> RECORDS FOR THE TASK
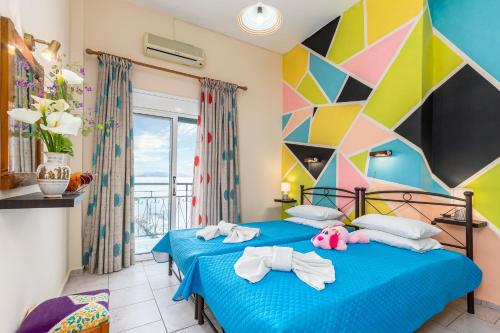 Postel nebo postele na pokoji v ubytování Riviera Seaside Hotel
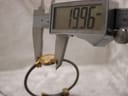 Digital caliper measuring the watch case diameter, showing a precise reading of 19.96mm.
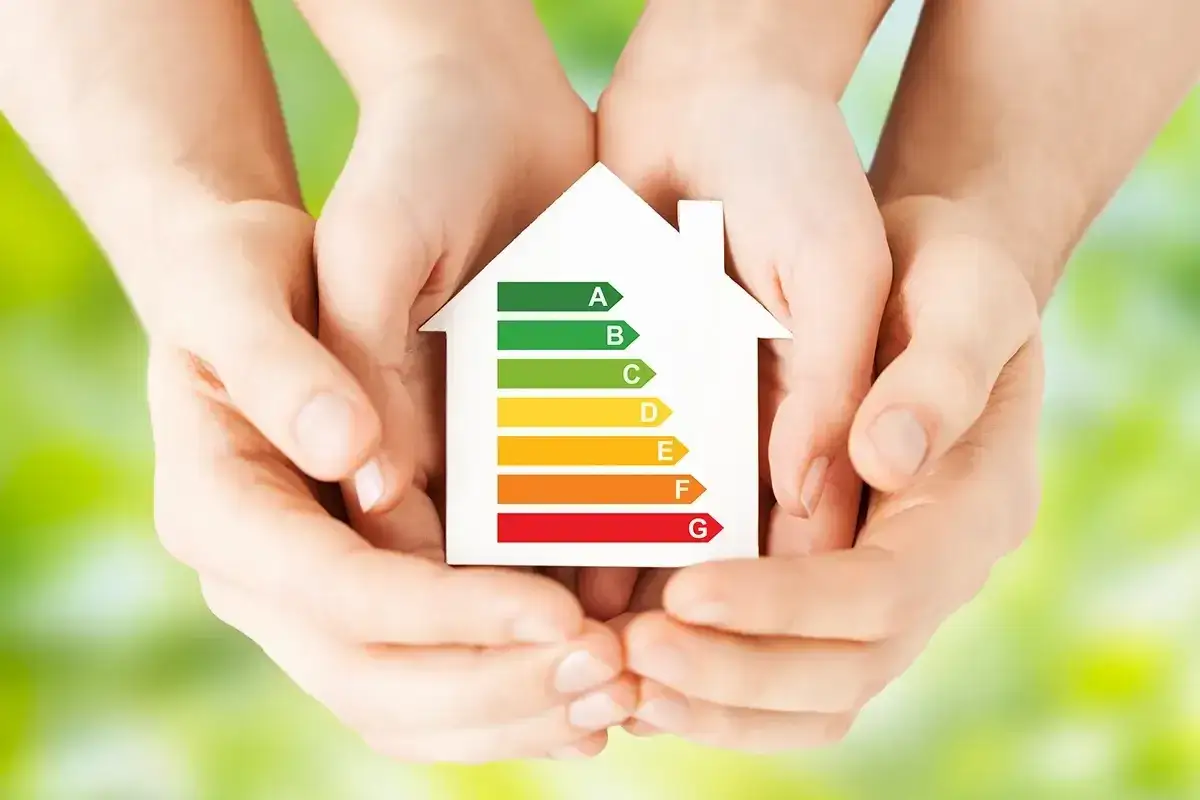 Dłonie trzymają model domu z etykietą energetyczną. Zastanawiasz się, ile prądu zużywa klimatyzator? Ta skala pomoże Ci wybrać energooszczędny model.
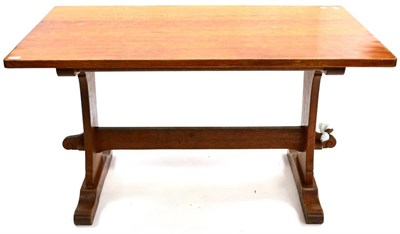 Lot 562 - A Bob  "Wrenman " Hunter Oak Refectory Table, on two shaped supports joined by a stretcher,...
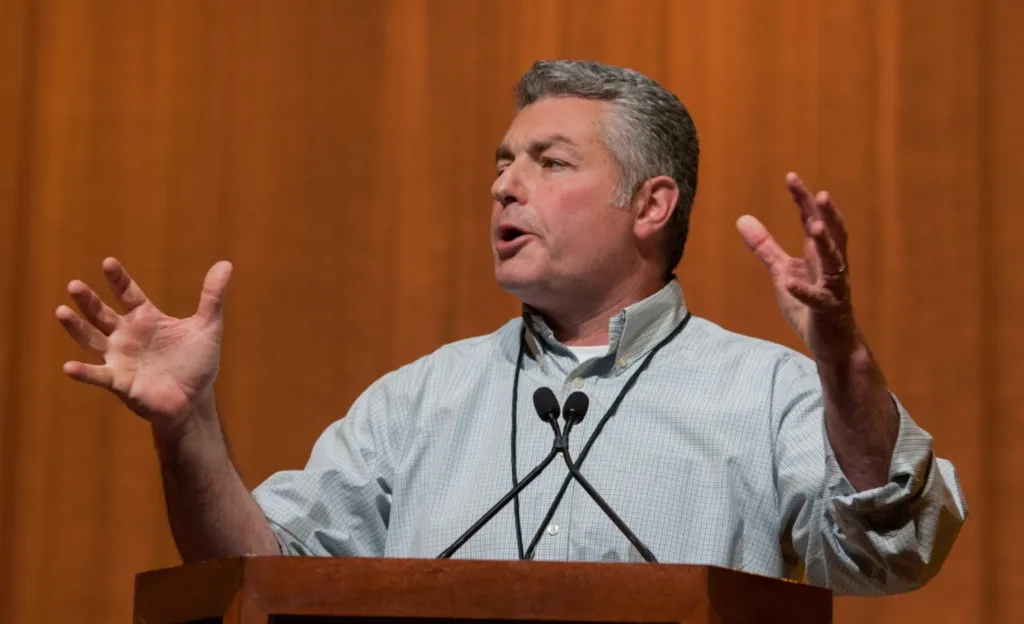 Dave Regan, president of SEIU-UHW, speaks at a podium.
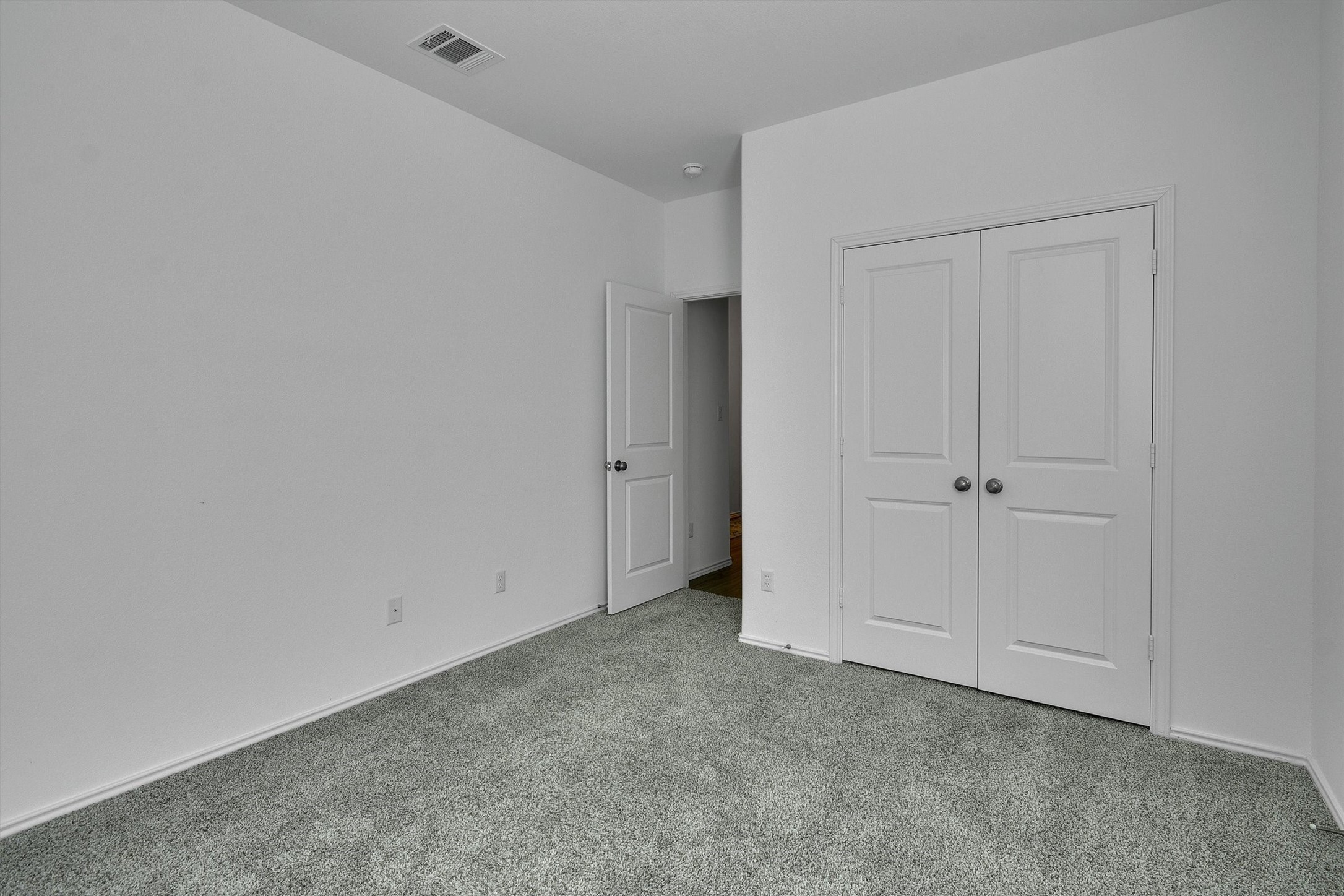 1621 Brueggerhoff Road Leander, TX 78641 - Photo 17 of 28 Unfurnished bedroom with a closet and carpet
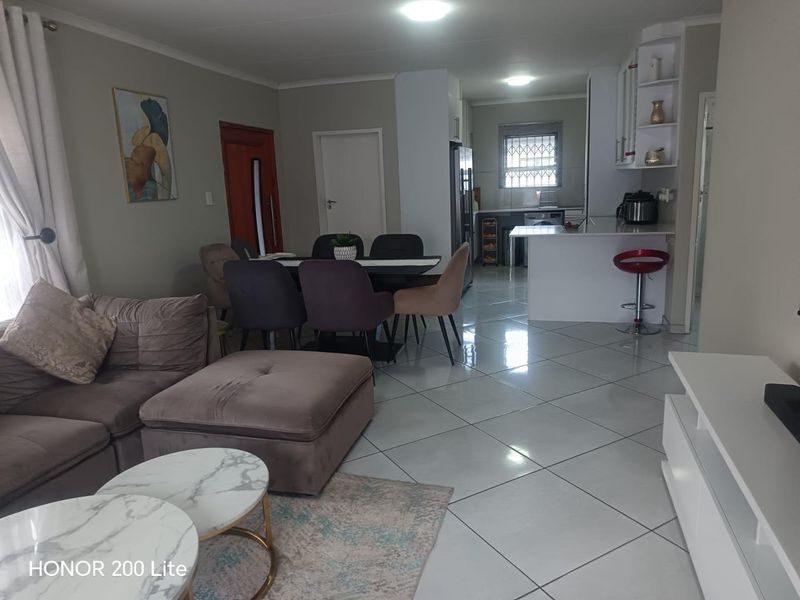 1. "Discover Your Dream Home in Mackenzie Palms!" 2. "Luxurious Living Awaits in This 3-Bedroom Gem!" 3. "Modern Comfort Meets Security in Mackenzie Palms!" 4. - Photo 5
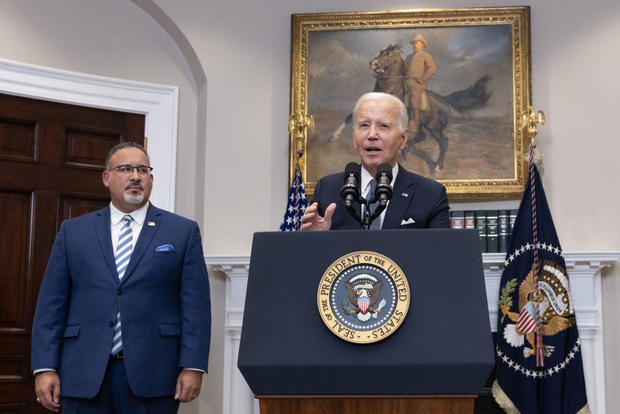 President Biden speaks alongside Education Secretary Miguel Cardona in the Roosevelt Room of the White House on Friday, June 30, 2023. 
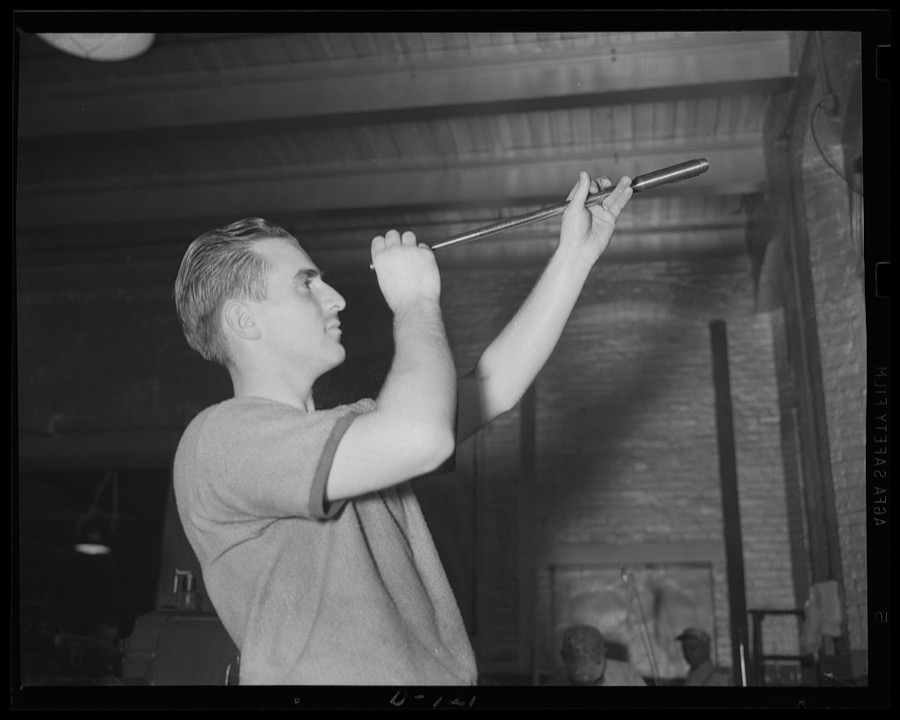 Making sure. A workman inspecting bore of a complete barrel for a Garand rifle, the new infantry weapon used in the war program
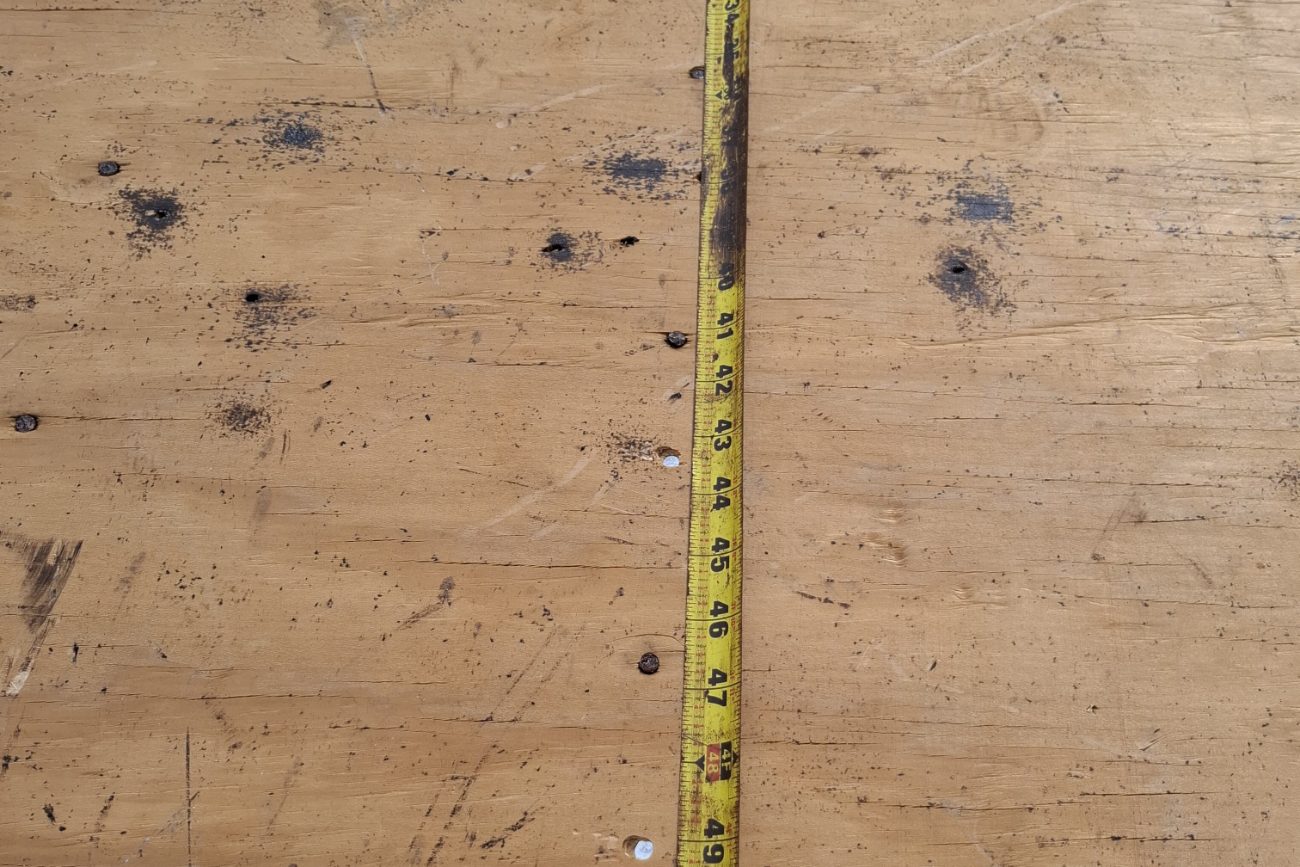 Close view of a tape measure against fastener heads on a plywood roof deck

> REQUIRED WORK
Every record above should be transcribed exactly; the pictures stay out of the copy.

> EXPECTED OUTPUT
 Postel nebo postele na pokoji v ubytování Riviera Seaside Hotel
 Digital caliper measuring the watch case diameter, showing a precise reading of 19.96mm.
 Dłonie trzymają model domu z etykietą energetyczną. Zastanawiasz się, ile prądu zużywa klimatyzator? Ta skala pomoże Ci wybrać energooszczędny model.
 Lot 562 - A Bob  "Wrenman " Hunter Oak Refectory Table, on two shaped supports joined by a stretcher,...
 Dave Regan, president of SEIU-UHW, speaks at a podium.
 1621 Brueggerhoff Road Leander, TX 78641 - Photo 17 of 28 Unfurnished bedroom with a closet and carpet
 1. "Discover Your Dream Home in Mackenzie Palms!" 2. "Luxurious Living Awaits in This 3-Bedroom Gem!" 3. "Modern Comfort Meets Security in Mackenzie Palms!" 4. - Photo 5
 President Biden speaks alongside Education Secretary Miguel Cardona in the Roosevelt Room of the White House on Friday, June 30, 2023. 
 Making sure. A workman inspecting bore of a complete barrel for a Garand rifle, the new infantry weapon used in the war program
 Close view of a tape measure against fastener heads on a plywood roof deck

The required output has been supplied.